### DIRECTIONS
Print this span of the material below exactly: the line with "4 bougies roses", the line with "Plastic Santa with", and every line between them, but nothing else.

### EXCERPTED DATA
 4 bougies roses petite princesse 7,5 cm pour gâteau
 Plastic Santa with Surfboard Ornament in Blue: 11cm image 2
* * *
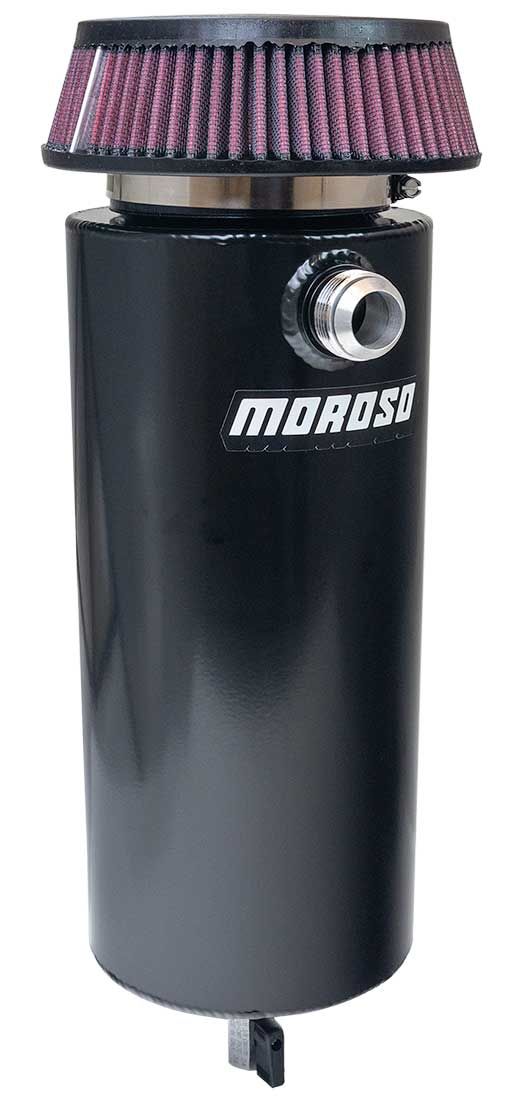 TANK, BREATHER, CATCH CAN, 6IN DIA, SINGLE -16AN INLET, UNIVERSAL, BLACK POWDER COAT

### RESULT BELOW
 4 bougies roses petite princesse 7,5 cm pour gâteau
 Plastic Santa with Surfboard Ornament in Blue: 11cm image 2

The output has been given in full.